Ada tiga argumen yang saya ajukan. Pertama, pemunduran legislasi RUU PKS ini mencerminkan banalitas patriarki sebagai cermin dari ideologi (kader) partai politik yang menolak di Komisi VIII sehingga meminggirkan suara legislator yang setuju.
Studi mengenai partai politik dan kepemiluan tidak terlalu menghiraukan dampak ideologisasi parpol terhadap keluaran berupa legislasi dari posisi kader dalam kursi perwakilan. Artinya, jika parpol dengan ideologi konservatif menguasai posisi pimpinan komisi maka akan sulit melahirkan legislasi yang progresif.
Kekerasan seksual mencerminkan ketimpangan jender yang merupakan pokok bahasan Komisi VIII DPR Bidang Agama dan Sosial. Wacana penolakan berkisar pada klaim bahwa RUU ini mewakili aliran liberal dan bertentangan dengan moralitas publik yang agamis.
Di sisi lain, kultur patriarkis masih kuat bercokol di sebagian kalangan politisi parpol. Namun, kader-kader partai berideologi religius-moderat serta nasionalis pun tidak bisa menguasai diskusi di komisi, dengan dukungan massa dan akademisi di luar Senayan.
Sampai detik ini belum ada terobosan kecuali pernyataan dari Rahayu, anggota legislatif Komisi VIII Gerindra bahwa RUU mungkin akan dibahas di Baleg. Ironisnya anggota Baleg DPR-RI asal Gerindra, Sodik Mudjahid - yang merupakan pengusul RUU Ketahanan Keluarga - sudah menyebutkan bahwa "penundaan RUU PKS perlu pro dan kontra terlalu besar”.
Kedua, gerakan sosial untuk mendukung RUU PKS ini tidak bulat. Di tingkat akar rumput logika politik elektoral pascapilpres 2014 dan 2019 masih menyisakan gerutuan. Bisa dibayangkan pengaruhnya sehingga tidak bisa menentukan kebijakan mana yang harus didukung secara lintas kelompok. RUU PKS ini adalah inisiatif DPR yang didukung untuk segera disahkan oleh pemerintah yang dipimpin oleh pemenang pemilihan nasional 2014-2019.

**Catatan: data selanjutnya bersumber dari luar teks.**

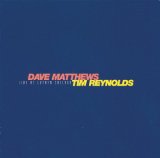 Dave Matthews & Tim Reynolds Halloween 72452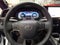 2026 Toyota Toyota Crown Limited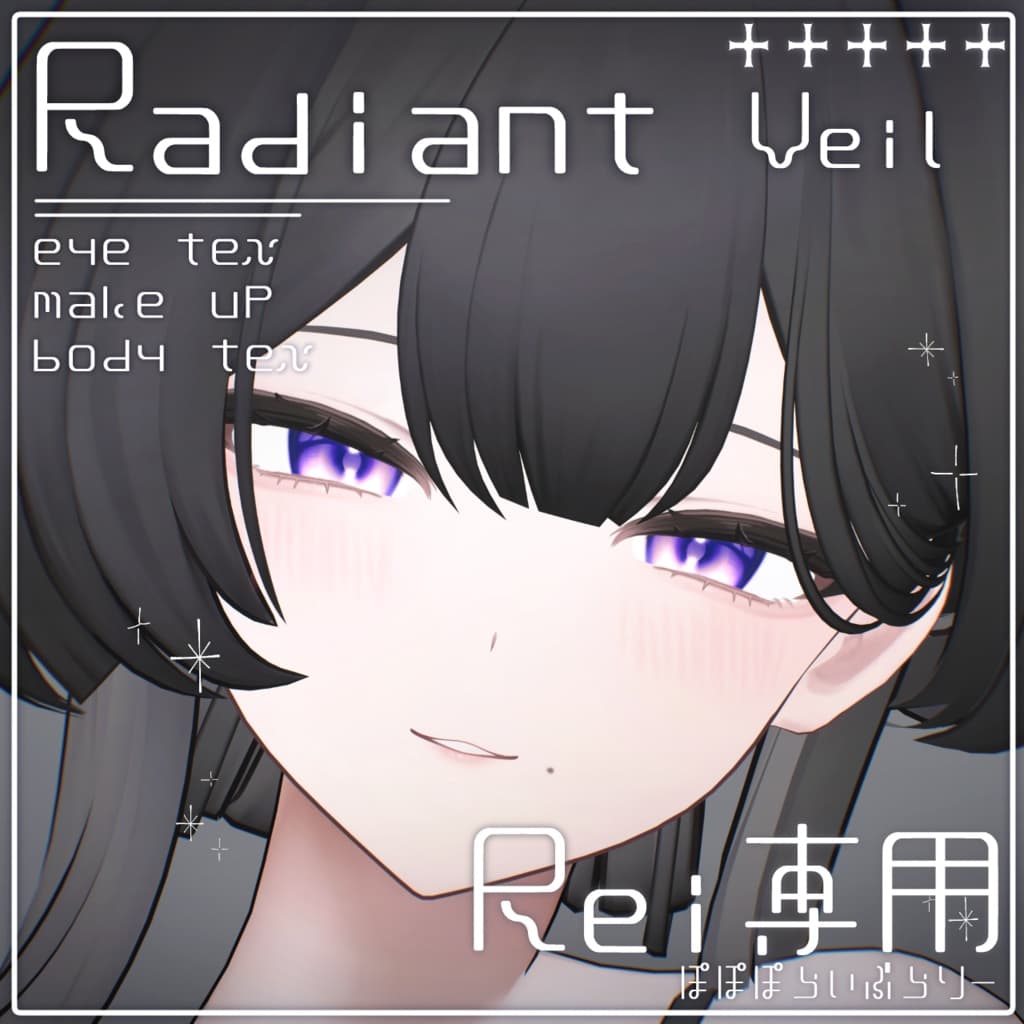 商品画像 1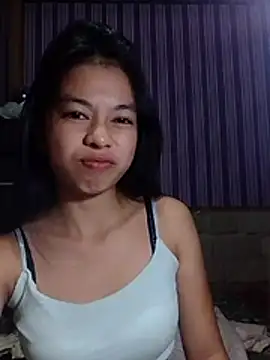 cuty ann online show from July 31, 1:01 pm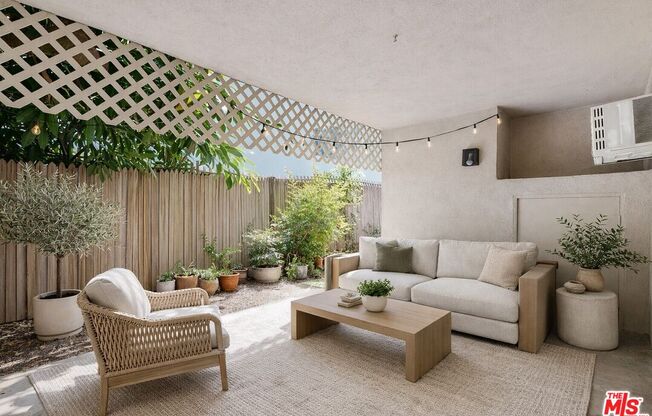 12958 VALLEYHEART DR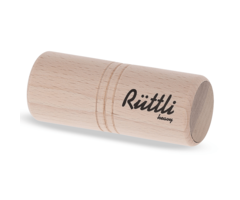 Gewa Shaker Ruttli Large Heavy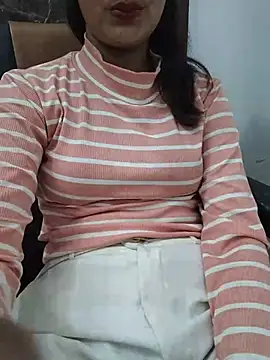 Snapshot of Ritika_jha01 chatting on 07-03-26, 07:48 Ritika jha01 online show from 07-03-26, 07:48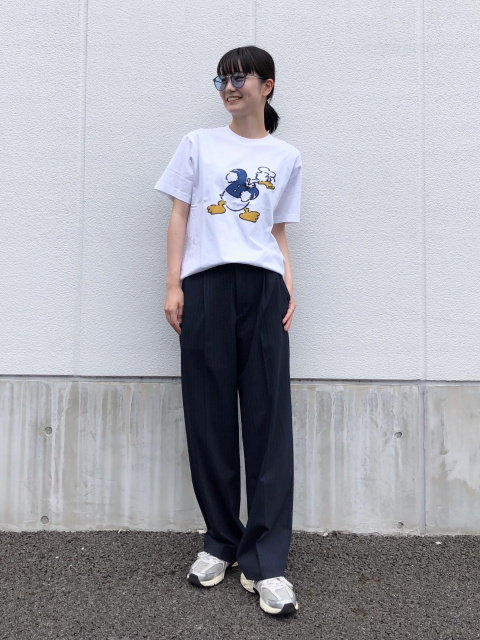 画像なし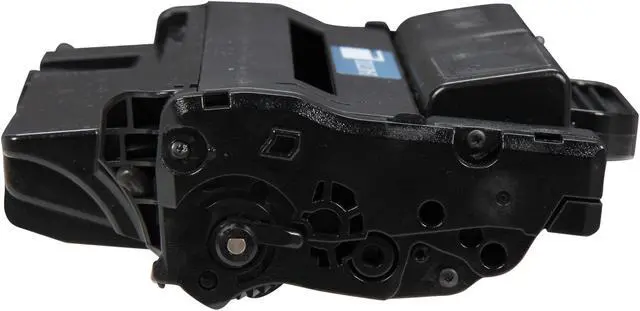 Alt view image 3 of 7 - Rosewill RTCA-MLT-D105L2 Black Replacement Toner for Samsung MLT-D105L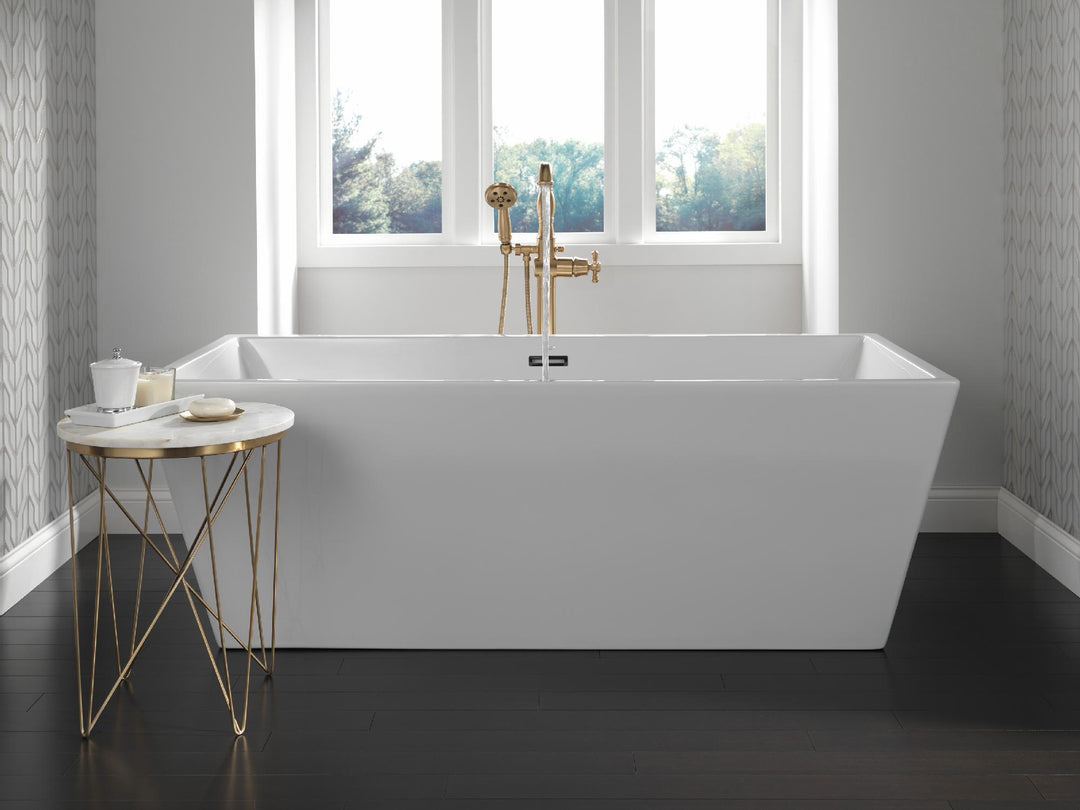 H795CZ product image.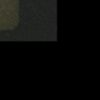 seccrorr0
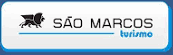 SAO MARCOS RS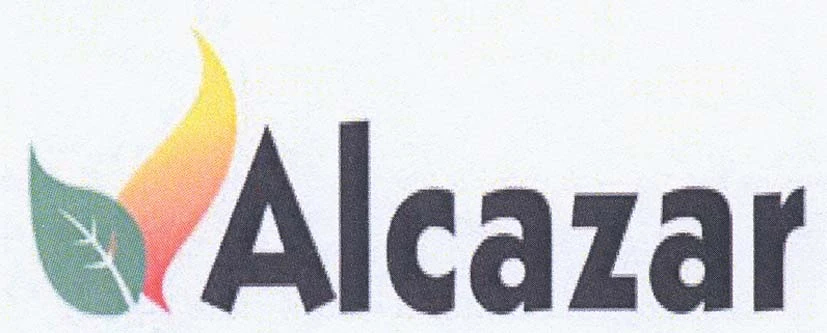 ALCAZAR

Ketiga, wacana keselamatan / keamanan individu dari kejahatan kekerasan seksual masih marjinal dalam peta legislasi Komisi VIII DPR RI Bidang Agama dan Sosial. Tak heran jika suara anggota legislatif perempuan Gerindra dan anggota legislatif perempuan dari PDI-P dalam mendesak pengesahan RUU PKS tidak mendapat dukungan luas dari kolega di parlemen bahkan dari Koalisi Perempuan di parlemen yang sifatnya lintas komisi.
Sahkan RUU PKS
Kekerasan seksual adalah masalah penting bagi para sarjana dan aktivis, baik dari perspektif teoretis maupun praksis. Di tingkat global pernah terjadi perdebatan di Perserikatan Bangsa-Bangsa tentang apakah kekerasan seksual merupakan pelanggaran hak asasi manusia, dan ada pula pertanyaan tentang ruang lingkup konsep “persetujuan” dan efek politik dari kata “korban” dan frasa “menghormati kejahatan”.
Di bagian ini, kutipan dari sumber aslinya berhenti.